Hung in the place of the male governors who are usually to be found in the Foundling Museum’s Picture Gallery are now twenty-one portraits of women, all of whom were crucial to the establishment of the Foundling Hospital. In a re-examination of their 300-year history, the museum has brought to light the influential role of women such as Charlotte Seymour, Duchess of Somerset (1693—1773), and Dorothy Boyle, Countess of Burlington (1699—1758), who signed Thomas Coram’s (c. 1668—1751) first petition calling for the founding of a hospital for the care of London’s orphaned and destitute infants.

Coram, a seaman, was horrified at the number of children left destitute and abandoned on London’s streets, exceeding 1000 infants a year. The first half of the eighteenth century witnessed huge increases in population numbers and abject poverty.
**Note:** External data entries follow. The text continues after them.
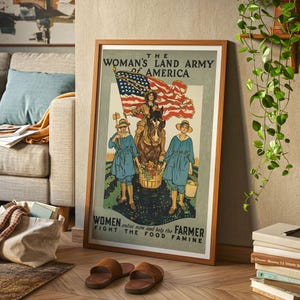 May include: A framed vintage poster with a wooden frame. The poster features an illustration of women in blue uniforms and straw hats, with an American flag and a horse. The text reads "The Woman's Land Army of America" and "Women enlist now and help the Farmer fight the food famine."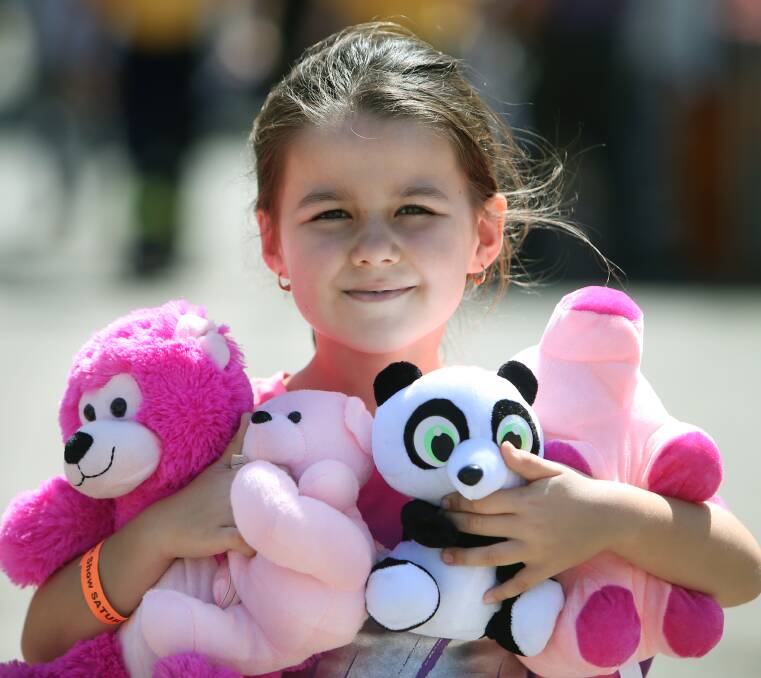  SOME SHOW GOODIES: Raven Nunn, 6, from Thirroul, picked up plenty of soft toys during her Albion Park Show outing on Saturday. Picture: Sylvia Liber
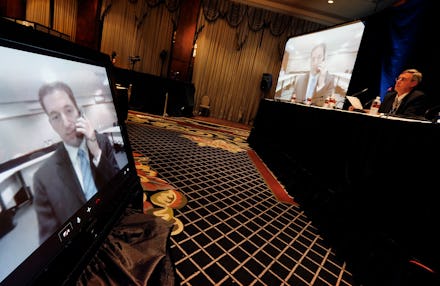 A man sitting next to a desk and a screen with another man on a live video call during a journalism ...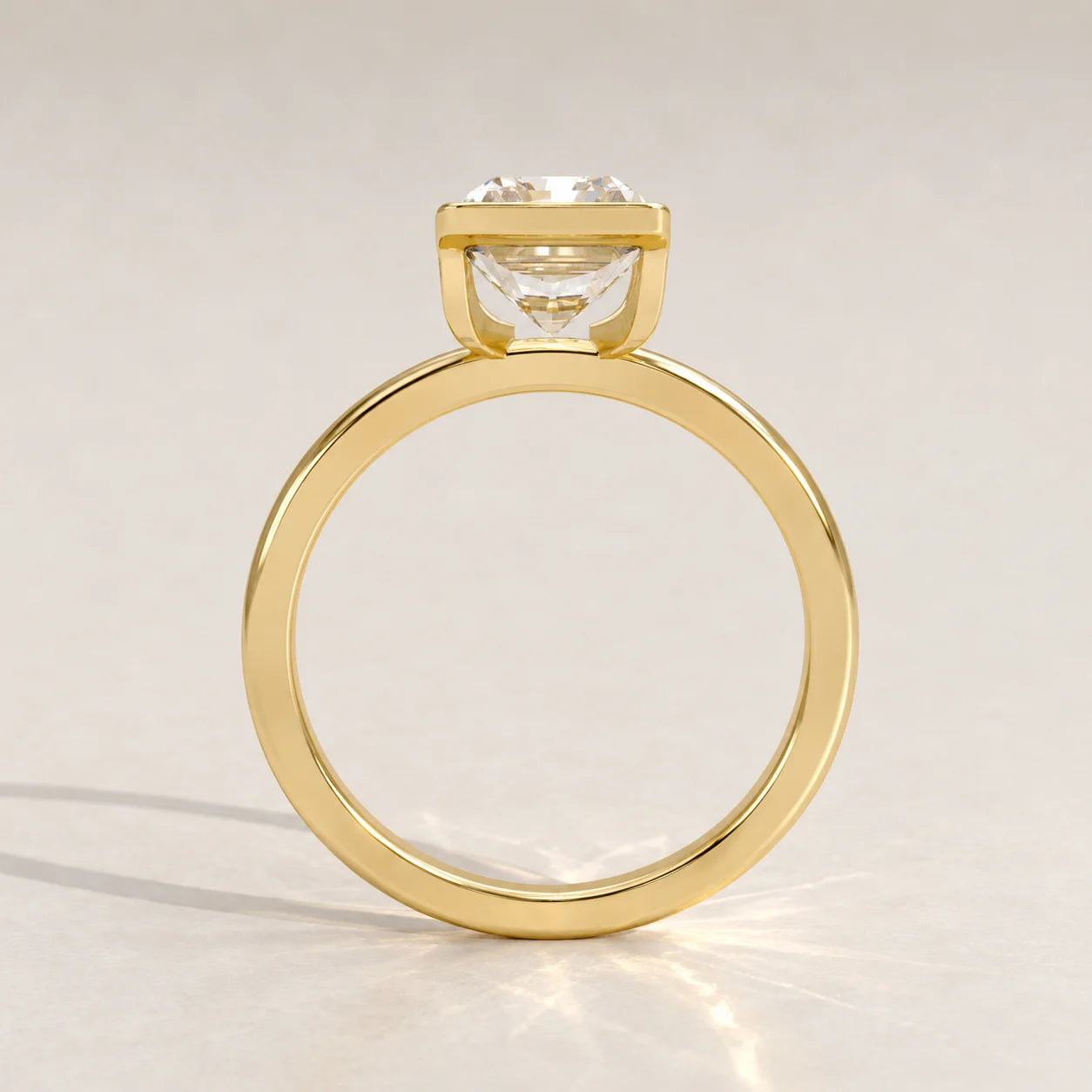A 14k yellow gold ring with a cushion-cut diamond, side view.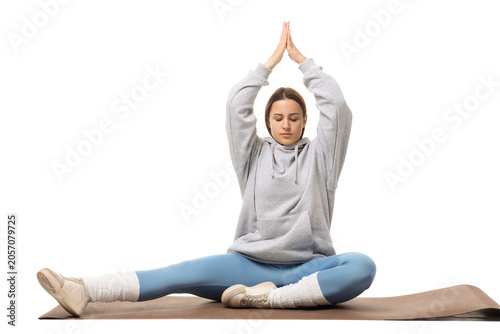 Young woman meditating on y...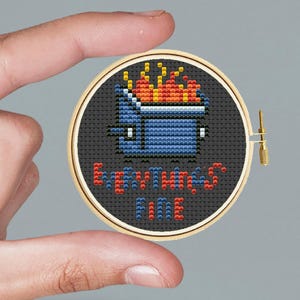 May include: A cross-stitch embroidery hoop with a black background. The design features a blue skip with orange flames and the text "Everything's Fine" in red and blue. The hoop is held by a person.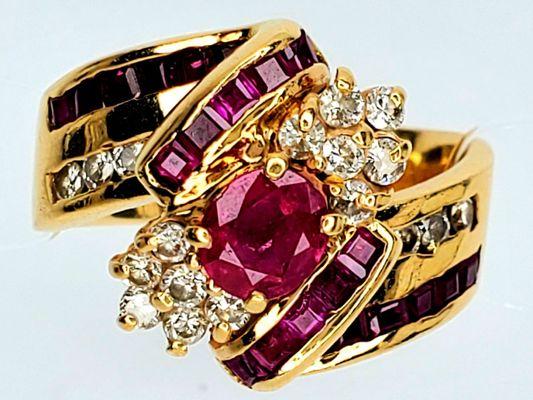 This is a bypass ring with rubies and diamonds all over it. Very stunning and beautiful.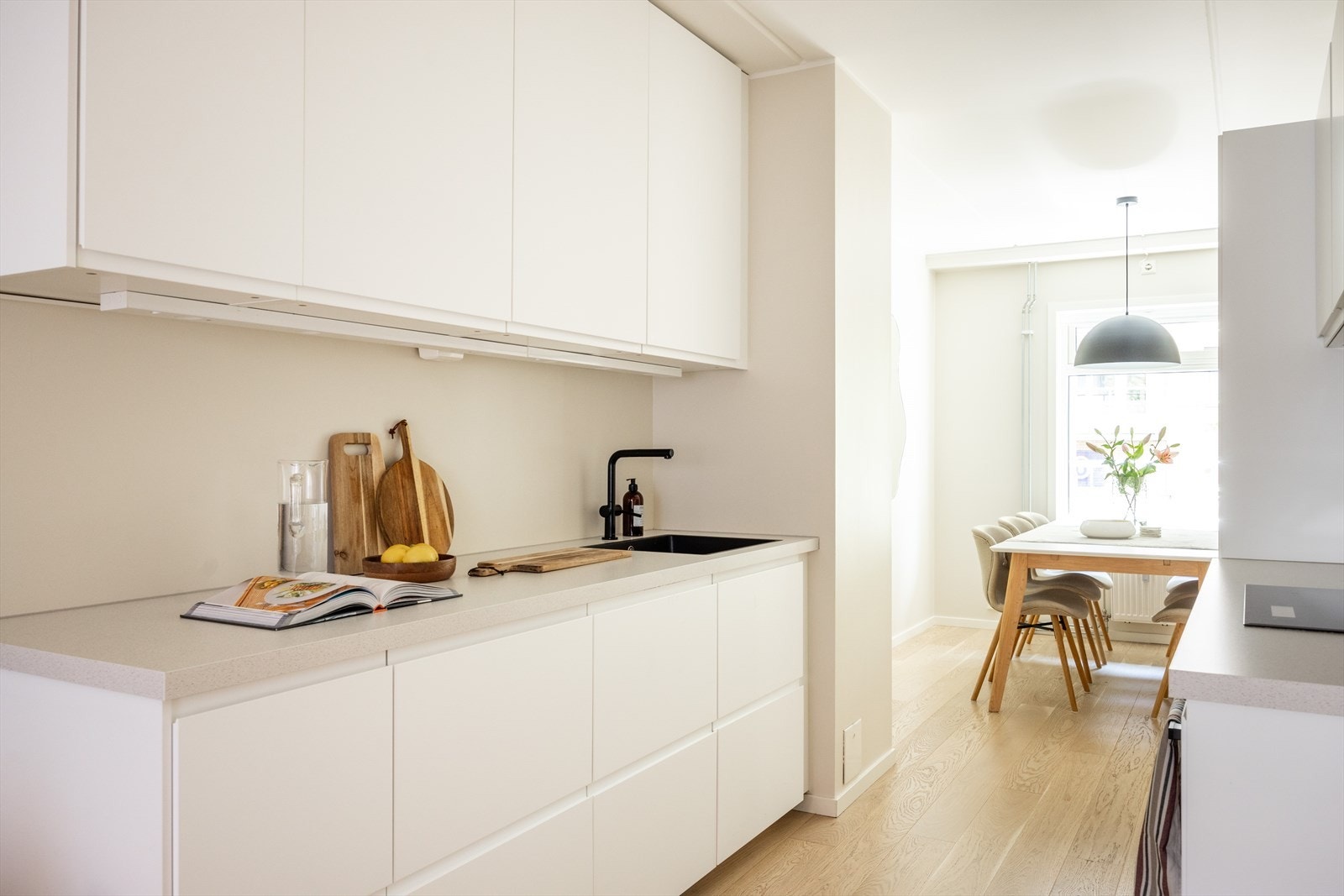 Kjøkkeninnredningen består av hvite, glatte fronter og benkeplate av laminat med nedfelt vaskekum. Galleribilde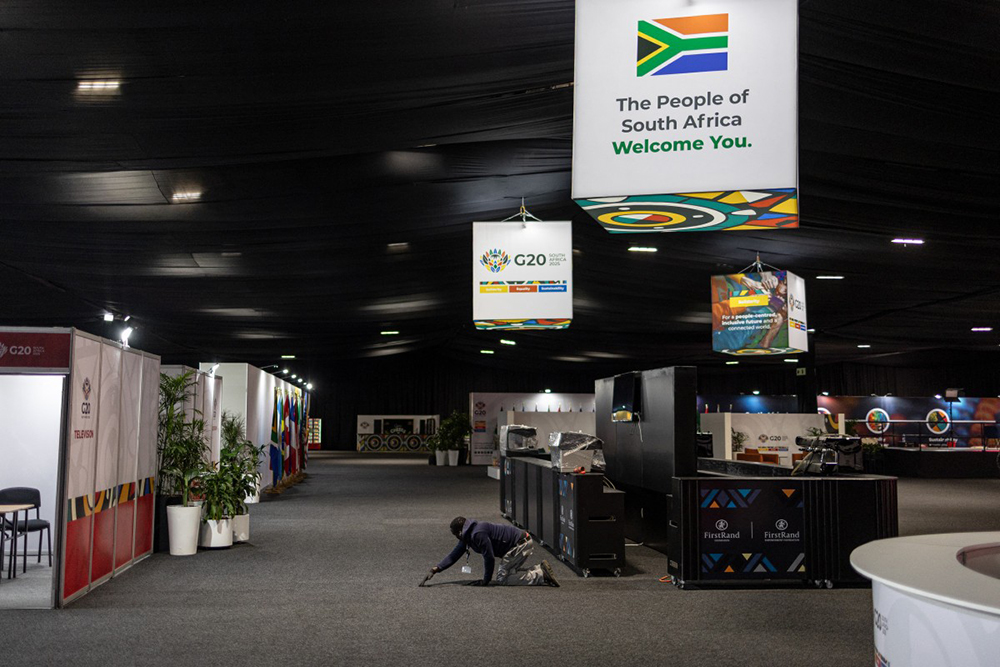 A worker repositions a carpet at the Nasrec Expo Centre, ahead of the G20 South Africa leader’s summit, in Johannesburg on November 18, 2025. 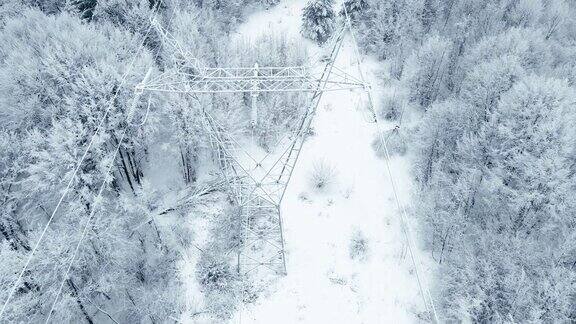 冬季高空鸟瞰图高压线在雪山森林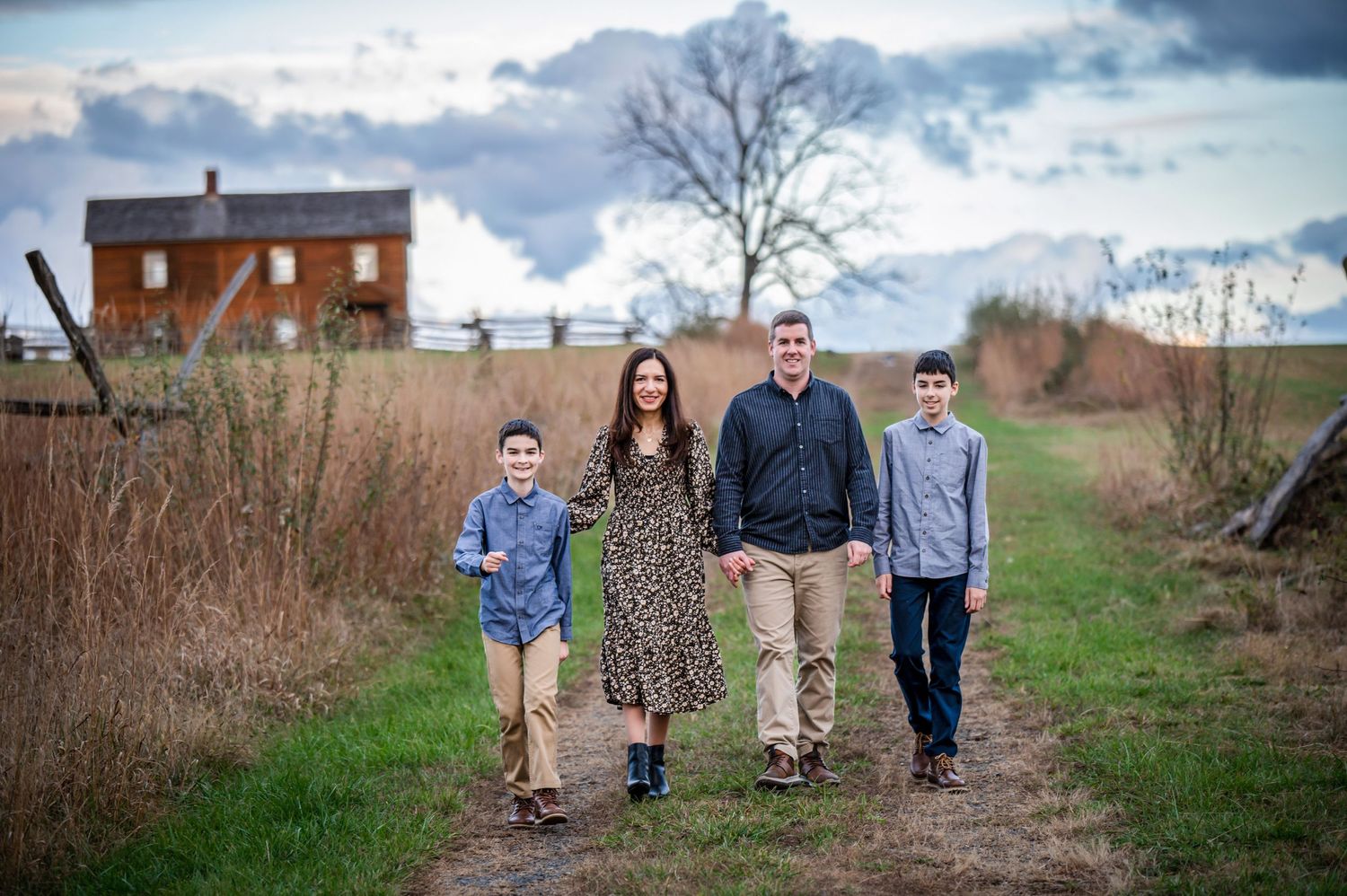 Group walking along a countryside path with an old brick house in the background.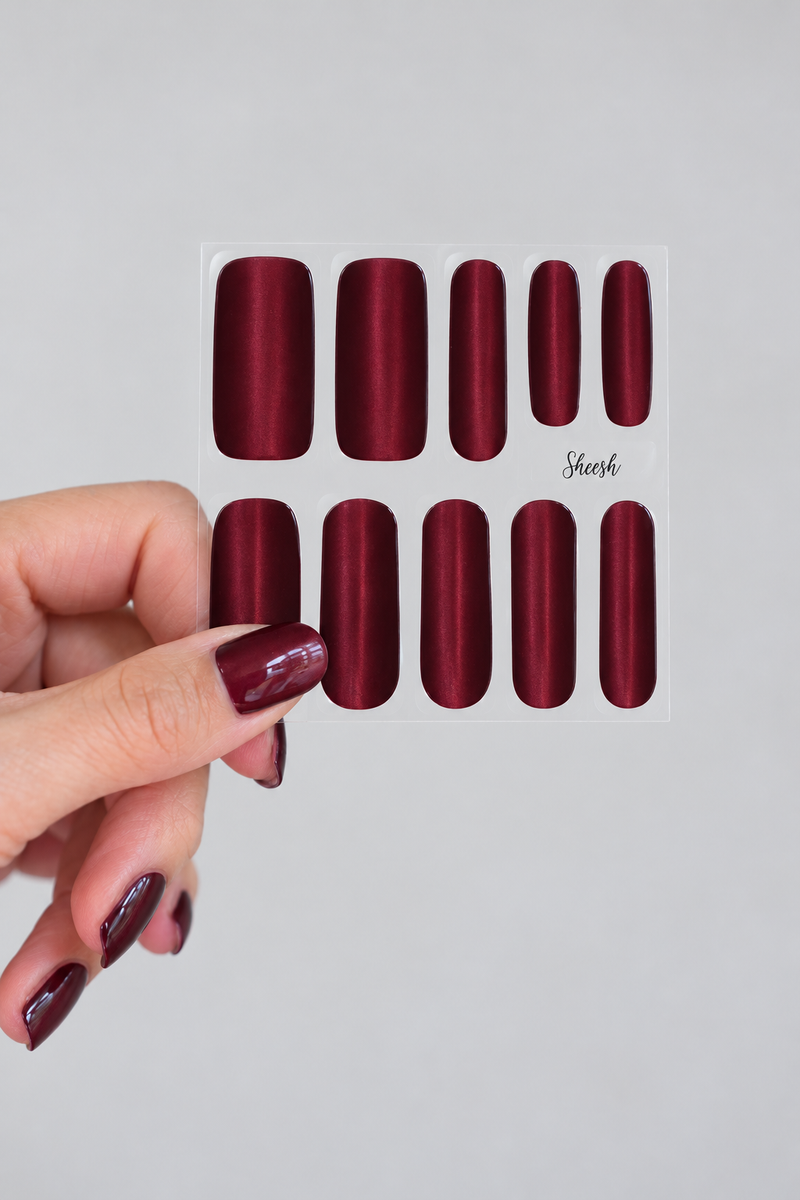SHEESH Nails – Cat Eye UV-Nagelfolien in Bordeauxrot mit schimmerndem Cat-Eye-Effekt auf dem Folienbogen.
Combined with a convoluted Poor Law system that gave responsibility for administering poor relief to individual parishes, women and children were left especially vulnerable. This was particularly exacerbated for women who became pregnant outside of marriage, a situation viewed as morally and socially repugnant in contemporary eyes. Coram needed to win over the opinions of the aristocracy and the politically influential, in order to present a persuasive case to the monarchy for the founding of an institution that would provide destitute mothers with an alternative to abandoning their children in desperation. After ten years of unsuccessfully campaigning for the support of men in such positions, Coram turned to women.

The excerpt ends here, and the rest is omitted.